As “60 Minutes” reported earlier this month, surprisingly often, members of Congress are using it to pay family members, pick up the tab at expensive hotels and restaurants, and cover other expenses the rest of us have to pay for ourselves.
My organization, Citizens for Responsibility and Ethics in Washington, routinely combs through campaign finance reports and other documents in an attempt to follow the money. In “Family Affair,” a report published last year, we found that more than 75 members of the House had paid family members through their campaign committees or political action committees during the 2008 and 2010 election cycles, and 90 representatives paid or contributed to family businesses, employers or associated nonprofits.
Some other spending caught our attention, too. There was the expensive hotel stay in Athens, Greece, for Rep. Aaron Schock, R-Ill., who reimbursed his campaign after we reported the expense. Rep. Michael C. Burgess, R-Texas, used his campaign funds to pay to renew his membership in the American College of Obstetricians and Gynecologists — hard to see how that’s relevant to his day job.
Our report caused a stir, but while anti-nepotism laws bar members of Congress from hiring relatives for their official staffs, they continue to put family members on the campaign payroll. The campaign of Rep. Rodney Alexander, R-La., who retired last month to take a job with Louisiana Gov. Bobby Jindal’s administration, has paid his two daughters nearly $190,000 in salary since January 2011. Freshman Rep. Kevin Cramer, R-N.D., put his wife, Kris, on his campaign payroll less than two weeks after his swearing-in last January; his campaign has reported paying her more than $12,000 since then.
As “60 Minutes” reported, CREW found that retired Rep. Ron Paul, R-Texas, had at least six family members on the payroll during the 2008 and 2010 campaign cycles.

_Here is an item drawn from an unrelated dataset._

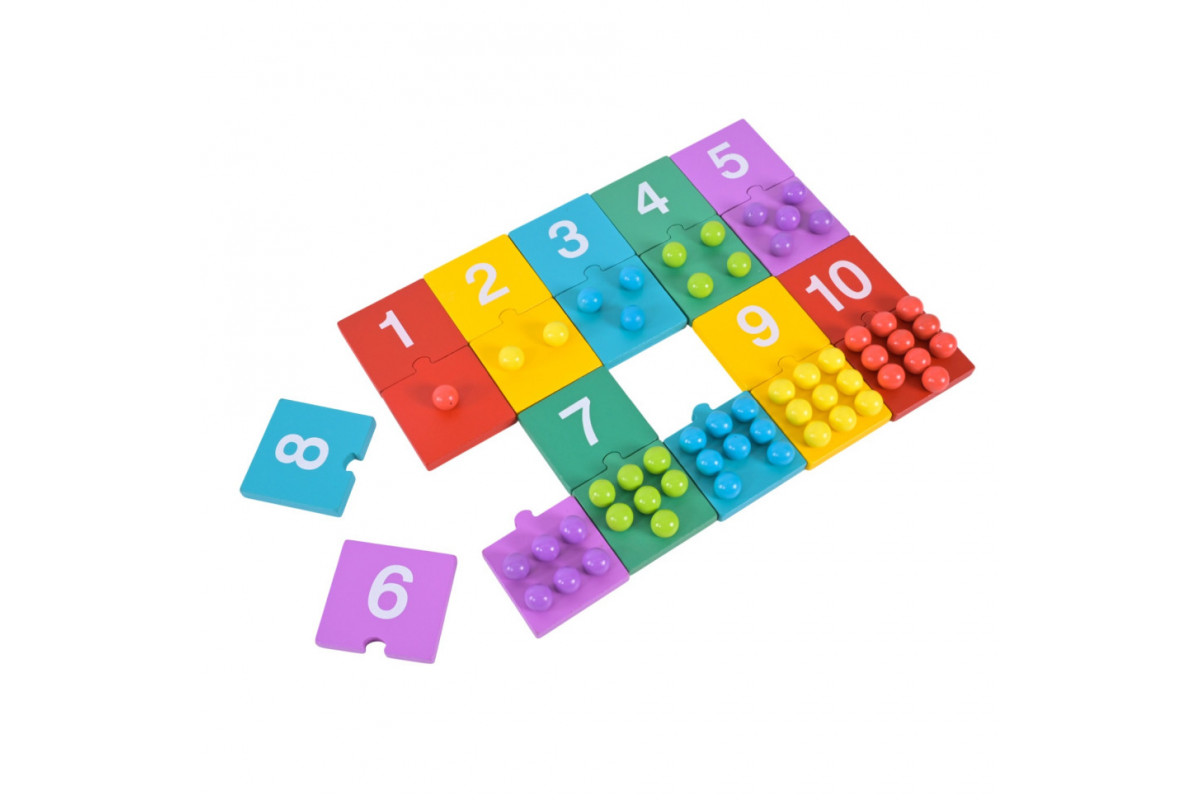 Детская деревянная игрушка "Цифры" C9412 пазлы цифры, бусины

Now retired and no longer running for any office, he’s still paying family members. Paul’s daughter, Lori Pyeatt, has received more than $16,000 so far this year in salary payments from his congressional campaign committee, his presidential campaign committee and his leadership PAC.
Some members of Congress have defended the practice of hiring family members, with one arguing, as Alexander did, “If one can’t trust their daughter, then who can they trust?” Others claim their family members are qualified. Sen. Michael B. Enzi, R-Wyo., for instance, has paid his daughter-in-law’s company more than $150,000 for fundraising consulting since 2011 alone. Enzi has said his daughter-in-law Danielle was a fundraiser before she married into the family, and he’s happy with her work.

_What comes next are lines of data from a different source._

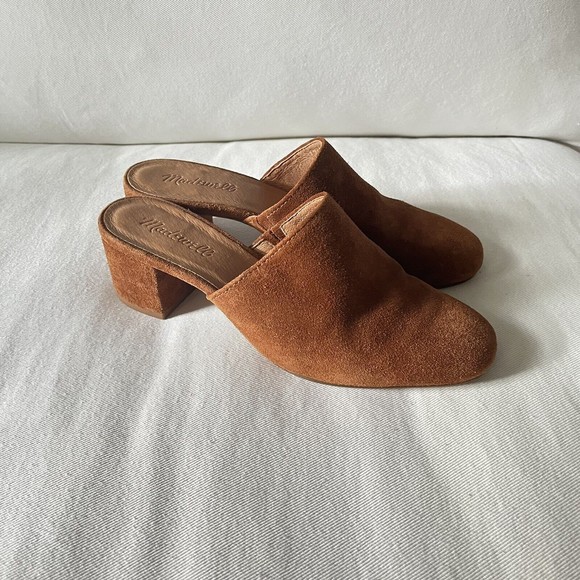 Madewell The Ruby Clog Suede Camel Brown - Picture 1 of 9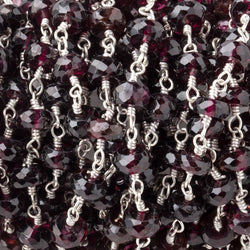 6mm Rhodolite Garnet Faceted Rondelles on .925 Sterling Silver Chain (ONLINE ORDER ONLY)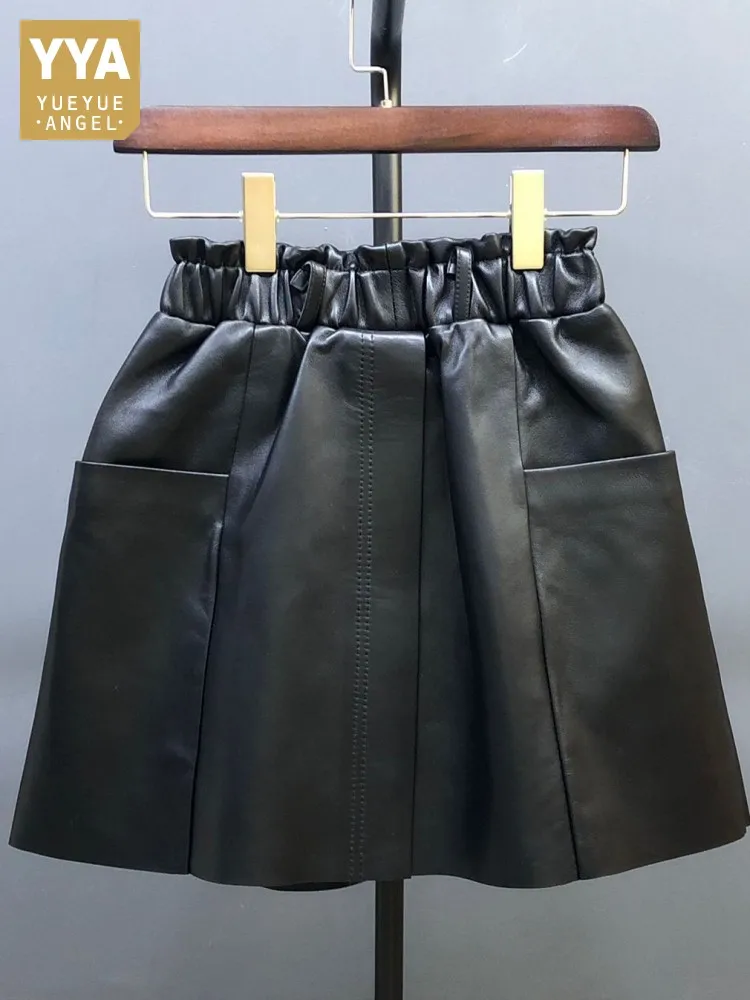 

Concise Style Solid Color Ladies A-Line Genuine Leather Short Skirts Handmade Elastic Waist Pocket Fashion Sheepskin Skirt 4XL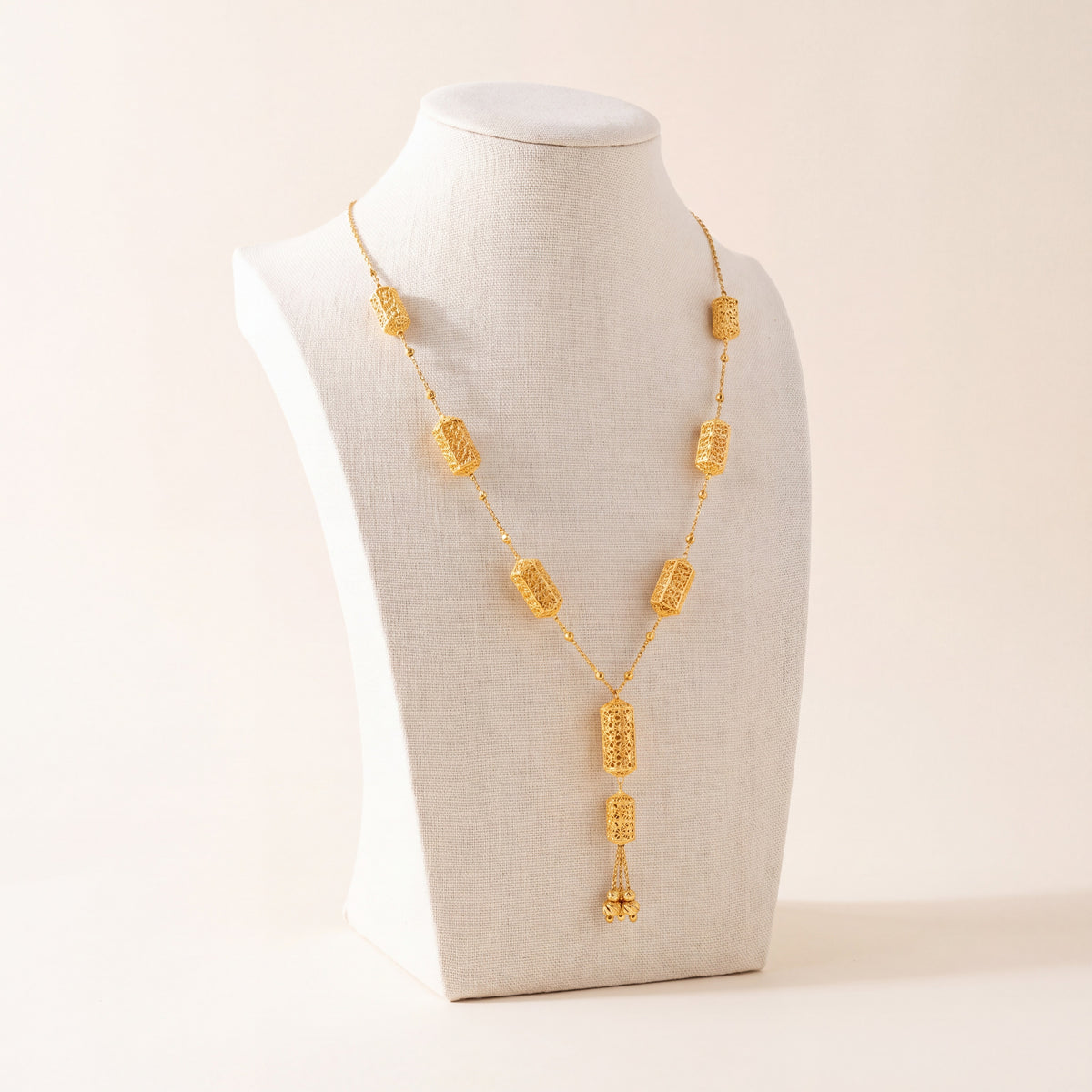7 Piece RP Mala Necklace 79, 925 silver 24K gold plated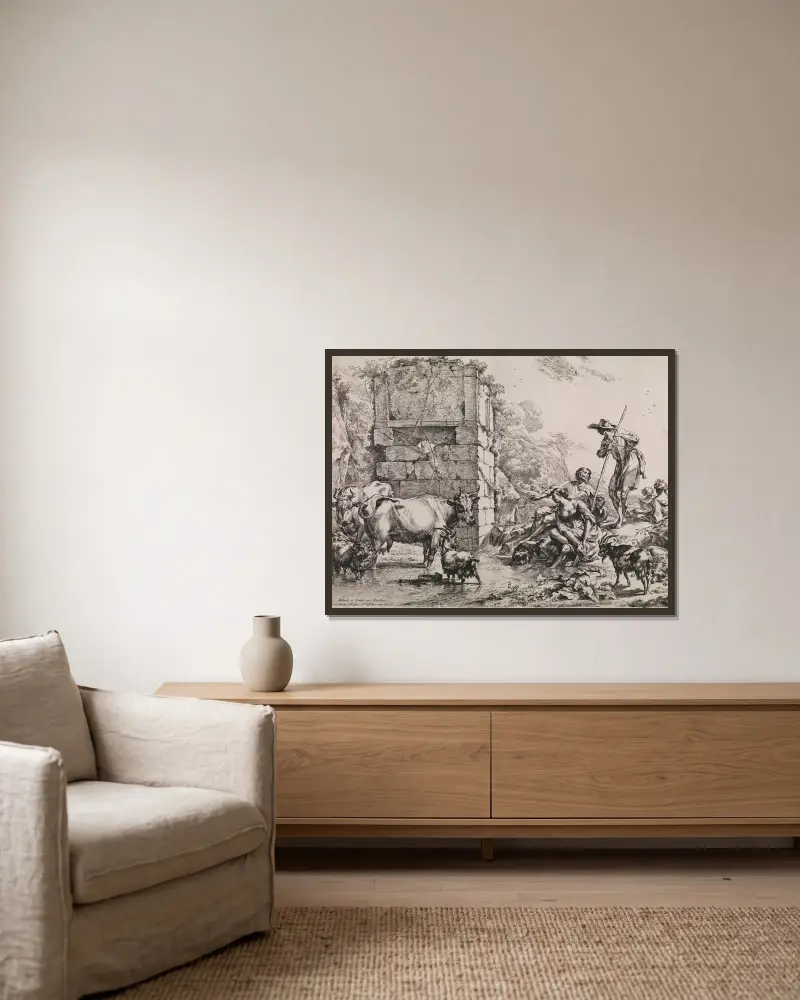 Trinkende Kuh von Nicolaes Pietersz. Berchem gerahmt an einer Wand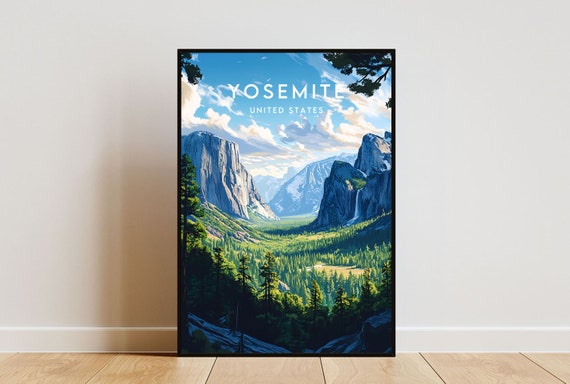 Yosemite Travel Print - United States, Yosemite Poster, America Poster, Travel Wall Art, America Print, America, Yosemite, USA, California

To be sure, the Federal Election Commission, the government’s campaign finance watchdog, specifically allows candidates to use campaign funds to pay family members who provide bona fide services and are paid fair market value. Such arrangements are rarely challenged, however, and wispy reporting requirements and elastic definitions make it difficult to determine whether family members are doing the work they are paid to do. Weak oversight by the FEC compounds the problem.